Category Archives: Lumberjack

Lumberjack – lumberjack.nginx (version 0.1.0)

As I posted last time, lumberjack is my start of a log line analyzer/visualizer project in Clojure. This write up will cover the version 0.1.0 lumberjack.nginx namespace.

As this is a version 0.1.0, and to get it out, I am parsing Nginx log lines that take the following format, as all the log lines that I have been needing to parse match it.
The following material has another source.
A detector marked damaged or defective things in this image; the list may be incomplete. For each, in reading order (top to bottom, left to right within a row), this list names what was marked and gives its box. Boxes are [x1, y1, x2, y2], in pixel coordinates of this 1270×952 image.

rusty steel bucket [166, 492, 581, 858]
173.252.110.27 - - [18/Mar/2013:15:20:10 -0500] "PUT /logon" 404 1178 "http://shop.github.com/products/octopint-set-of-2" "Mozilla/5.0 (compatible; MSIE 9.0; Windows NT 6.1; WOW64; Trident/5.0)"
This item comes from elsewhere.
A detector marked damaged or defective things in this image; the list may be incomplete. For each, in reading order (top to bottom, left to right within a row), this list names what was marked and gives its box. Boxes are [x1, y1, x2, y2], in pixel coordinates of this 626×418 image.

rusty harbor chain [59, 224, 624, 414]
The function nginx-logs takes a sequence of Nginx log filenames to convert to a hash representing a log line by calling process-logfile on each one.

(defn nginx-logs [filenames]
  (mapcat process-logfile filenames))

The function process-logfile takes a single filename and gets the lines from the file using slurp, and then maps over each of the lines using the function parse-line.

(defn- logfile-lines [filename]
  (string/split-lines (slurp filename)))

(defn process-logfile [filename]
    (map parse-line (logfile-lines filename)))

At this point, this is sufficient for what I am needing, but have created an issue on the Github project to address large log files, and the ability to lazily read in the lines so the whole log file does not have to reside in memory.

The function parse-line, holds a regex, and does a match of each line against the pattern. It takes each part of the match and associates to a hash using the different parts of the log entry as a vector of the keywords that represent each part of the regex. This is done by reducing against an empty hash and taking the index of the part into match, the result of re-find.

(def parts [:original
            :ip
            :timestamp
            :request-method
            :request-uri
            :status-code
            :response-size
            :referrer])

(defn parse-line [line]
  (let [parsed-line {}
        pattern #"(d{1,3}.d{1,3}.d{1,3}.d{1,3})? - - [(.*)] "(w+) ([^"]*)" (d{3}) (d+) "([^"]*)".*"
        match (re-find pattern line)]
    (reduce (fn [memo [idx part]]
                (assoc memo part (nth match idx)))
            parsed-line (map-indexed vector parts))))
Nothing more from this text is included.